The rhetoric of diversity comes up in history and economics of poverty classes, from administrators who emphasize maintaining financial aid (over 900 students receive federal Pell grants for tuition) and African-American students formally complaining about being socially excluded from informally organized study groups. But in a state where African-Americans are 7, Asians 14, and Latinos almost 40 percent of the state population, it’s surprising that the school, as seen here, looks like TV’s Glee, and is considerably less diverse than the City University of New York. Wiseman shows that another minority group has come together for mutual support—military veterans, who are adjusting both to school and their war experiences.

It’s admirable that Chancellor Robert J. Birgeneau gave Wiseman full access to all but tenure huddles, but much of the film is taken up with that bane of academic life–committee meetings. There’s either relentless hashing about the budget, including the impact on faculty recruitment and retention, or nervous planning for the demonstration. But a characteristic of so many committee meetings is that participants like to hear themselves talk, and here they come across as much as performers as the teachers, so not particularly subtle to the camera.
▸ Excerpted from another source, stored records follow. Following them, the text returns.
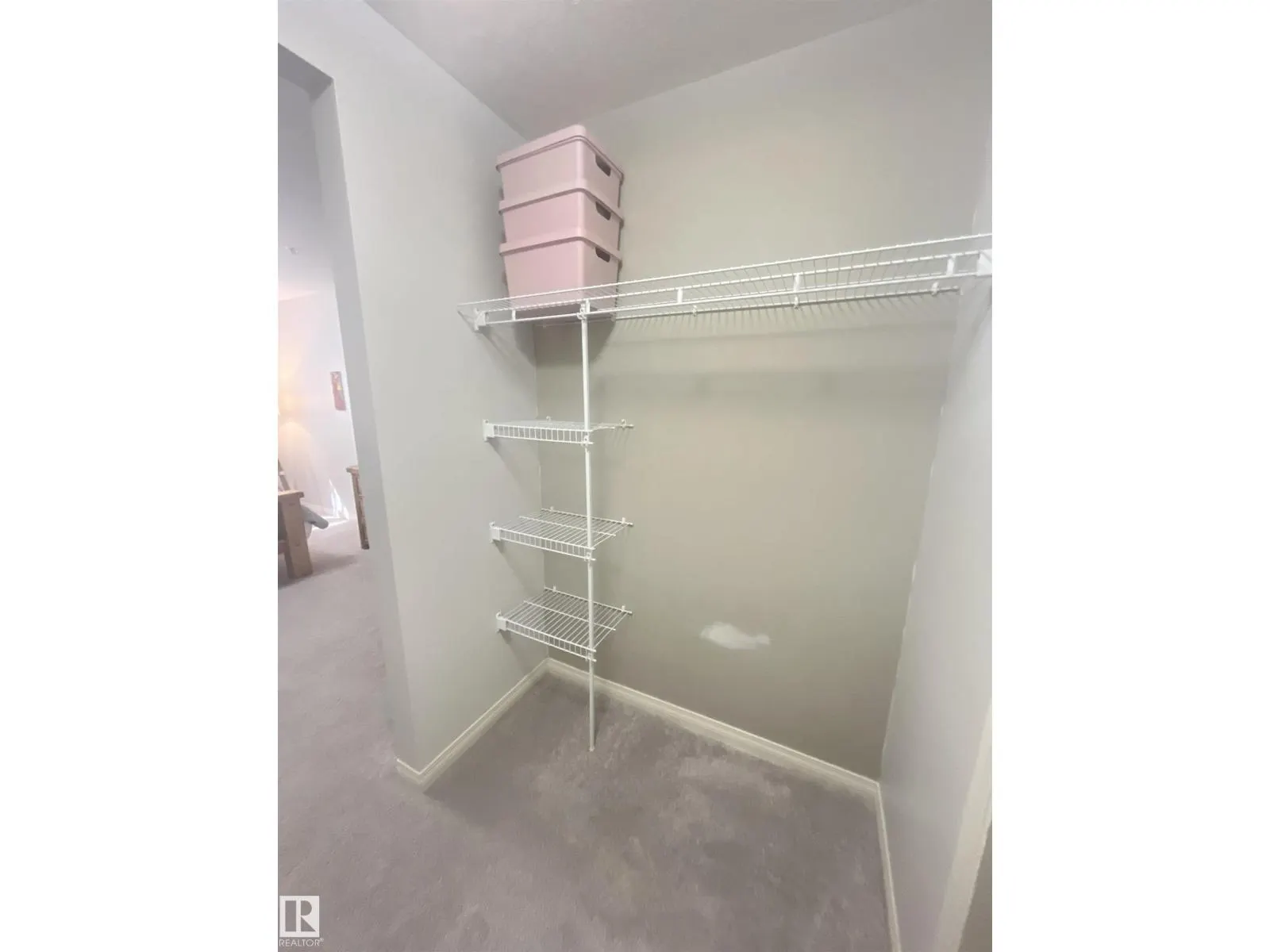 #204 4903 47 AV
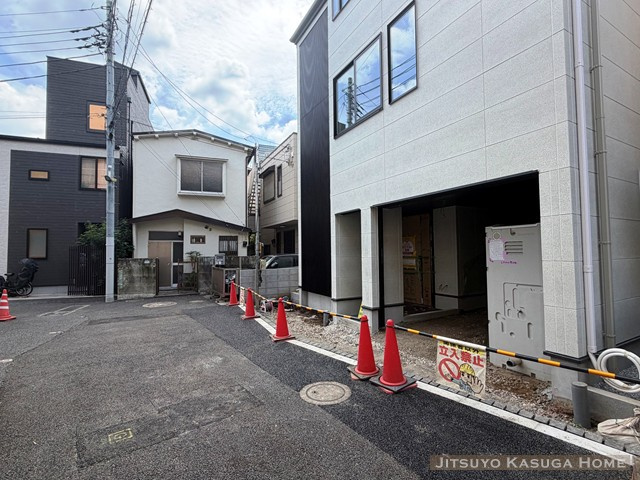 【前面道路含む現地写真】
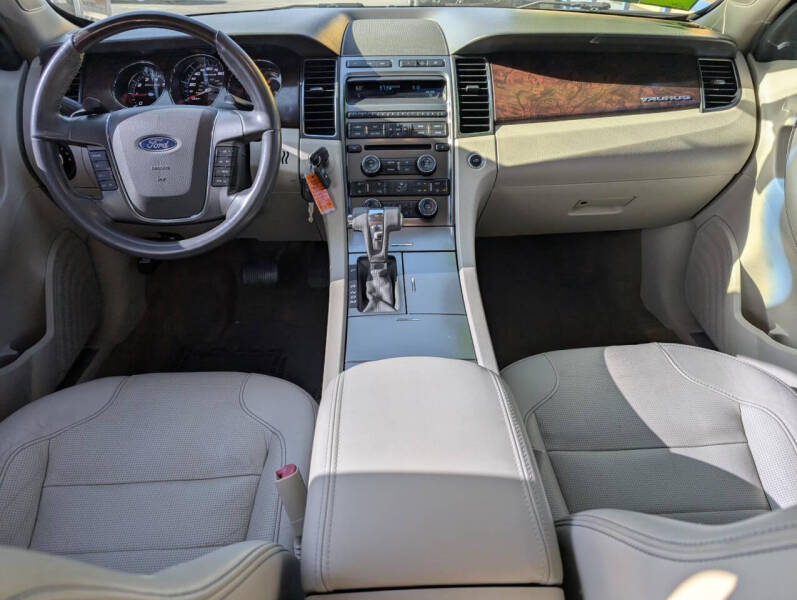 2012 Ford Taurus Limited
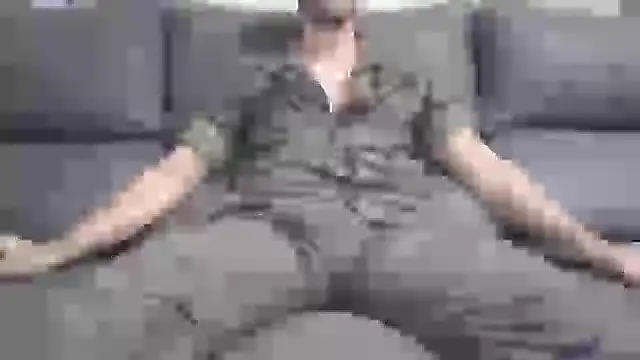 militar guapo online show from September 17, 2025, 6:31 pm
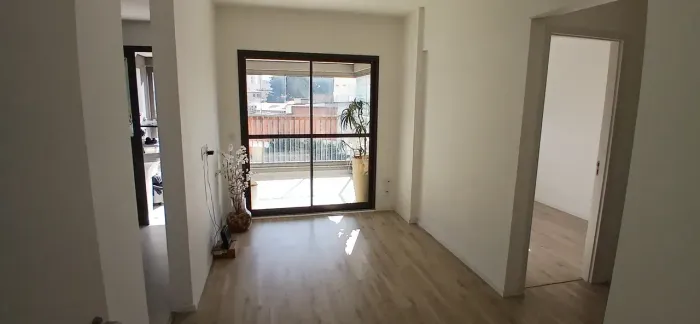 Imóvel para aluguel e venda possui 60 metros quadrados com 2 quartos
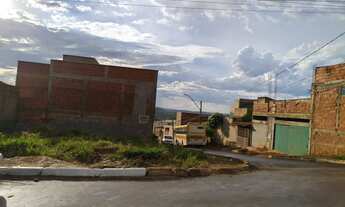 Imagem: Lote localizado em uma área muito calma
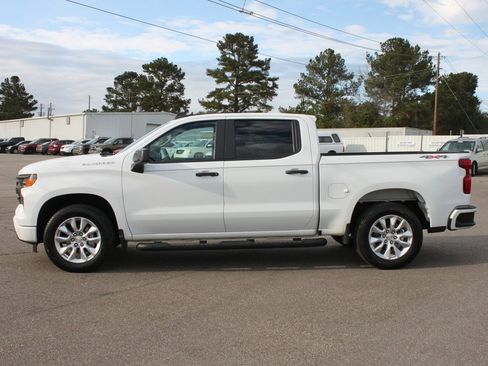 Used 2022 Chevrolet Silverado 1500 Custom image 5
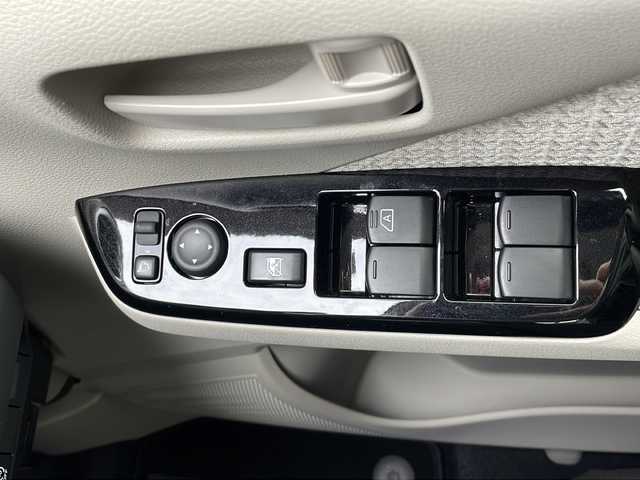 日産 デイズ X 山口県 2024(令6)年 0.4万km ブラック 9インチ純正ナビ【MM223D-L】/・AM/FM/Bluetooth/フルセグテレビ/アラウンドビューモニター/エマージェンシーブレーキ/ディスプレイ付自動防眩式ルームミラー/ステアリングスイッチ/純正フロアマット/純正アルミホイール/ハロゲンヘッドライト/オートライト/オートマチックハイビーム/電動格納式リモコンカラードドアミラー/スマートキー/プッシュアップスタート/USB電源ソケット/アイドリングストップ/ダウンヒルアシストコントロール/フロント&バックソナー/パーキングアシスト/横滑り防止装置/盗難防止装置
In contrast, what works best for Wiseman’s technique is his strolling unobtrusively around the beautiful grounds, where maintenance and capital improvements continue and the employment prospects of manual laborers contrasts with the future for the students hanging around halls in solitary study. (This must be the one campus anywhere with such few Public Displays of Affection.) Considerably into the film, an administrator explains that the landscape staff has been reduced to one mower, and the audience can’t help but cheer and salute his yeoman work when that one mower appears on screen.